ABSTRACT

What does the ‘socio’ in socio-legal studies mean, and what does it do? No doubt, it means different things to different people, and to some it is simply a portmanteau term. For many, it indicates a relationship between law and society, either narrowly in terms of empirical and pragmatic questions as to the impact of law and legal reform, or, more broadly, in theoretical terms as to how we understand both the nature of law and the relationship between legal forms and institutions and social relations. My work has been in the latter area, where one might expect the nature of the socio to have come under close scrutiny. I am not aware that it has, but it is an interesting and challenging question to think about what it denotes. In this chapter, I am interested in the relationship between the socio and

something else, the ‘ethical’, and for two reasons. The first is that I wish to argue that an ethical understanding lies at the core of the socio, and is not separable from it.

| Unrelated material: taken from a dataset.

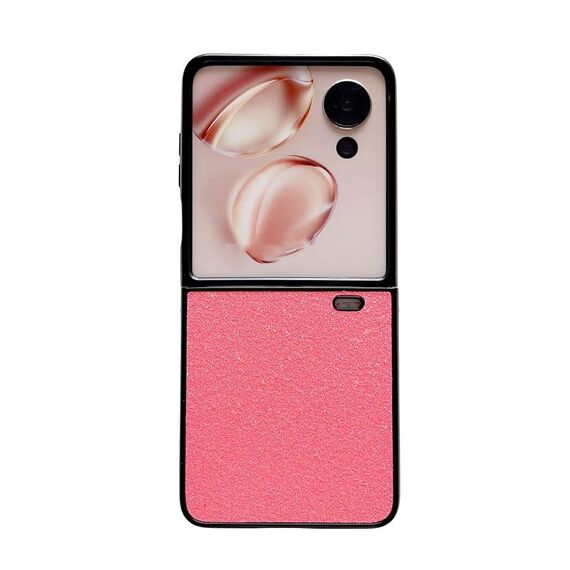 Custodia protettiva antiurto per telefono Honor Magic V Flip con gradiente di colore glitterato (rosa rosso)
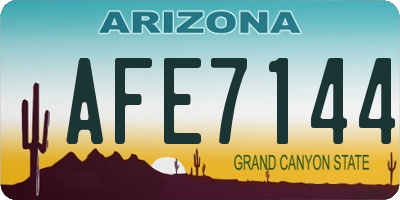 AZ license plate AFE7144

This is despite the fact that the socio has generally been conceived as a problematic that, through its modernist commitments, is distinct from and superior to ethical enquiry. In my view, the socio has to be understood not as a master-perspective, but as an approach that participates in a deeper understanding of law and society, one that has often not been properly comprehended, as constellating socio-historical and ethical commitments. The second reason is that it seems to me that the socio is nonetheless absolutely

crucial to an understanding of the particular ethical commitments that animate our understanding of law. When we look at legal studies, we see a variety of such

commitments on display. From an orthodox standpoint, the main position is generally Kantian in a broad sense. By this I mean that there is support for the forms of law as mechanisms for supporting a liberal society in which individual commitments to agency and responsibility lie at the core. The politically important idea of the rule of law essentially entails such commitments notwithstanding the plurality of variations on a theme – individualist, communitarian, perfectionist and non-perfectionist – it invokes. From a critical standpoint, a variety of theorists have proposed that these ideas

of individual liberty, agency, responsibility are barren, or worse that they are the means by which the master’s work of enslavement is carried out. Here, one could include theorists such as Foucault, Agamben, Derrida, Adorno, as well as postcolonial and some branches of Marxist theory. On both sides, however, these arguments seem to me to be one-sided. Liberal theory does not appreciate the historical and socio-political commitments it masks, whilst critical theory too quickly denies the ethical validity in liberalism, and law. We do not seem capable of grasping in a nuanced and complex way how

juridical ideas of freedom both have a first order normative import and are complicit in hiding power. The key to a more subtle approach is to see how such ideas are historically shaped and ‘thrown’, yet retain something of their axiological (i.e. their ethically compelling) validity. So the second argument I wish to make here is that an understanding of the socio is crucial to an understanding of modern ethical approaches to law. The socio and the ethical thus have a relationship of mutual entailment, and cannot properly be separated. The ethical lies at the heart of the socio, and the socio informs and structures actually existing ethics. This essay is tentative and exploratory. It seeks to identify a big picture and to

travel in directions that modern-day legal, philosophical and, indeed, critical minds are unused to exploring. The direction of the argument is as follows. In the next section, I argue (briefly) that the ethical dimension that is immanent in sociolegal enquiry has been blocked since a 19th century ‘pact’ struck between Kantian philosophy and an emergent social science, and this needs to be unblocked. I argue that despite its emphasis on ethics, post structural philosophy is also implicated, by way of inversion, in this block. The third section argues, on the basis of modern legal issues, that the ethical dimension is intrinsic to understanding what is at stake in law, even from the point of view of a socio-legal approach. It has the form of an immanent critique of what the socio-legal lacks. The fourth section then considers what an ethical axiology of and for human being might look like, focusing on concepts of freedom and solidarity. On this basis, the argument then goes in two opposing directions. In a fifth

section, I go back to the socio-legal issues explored in the second section and show how an ethics of freedom and solidarity illuminates them. I show how an ethical dimension is crucial to a full understanding, including a sociohistorical understanding, of legal phenomena. The socio-legal connotes the ethical, and is impoverished without it. This answers my first question above: what is the socio?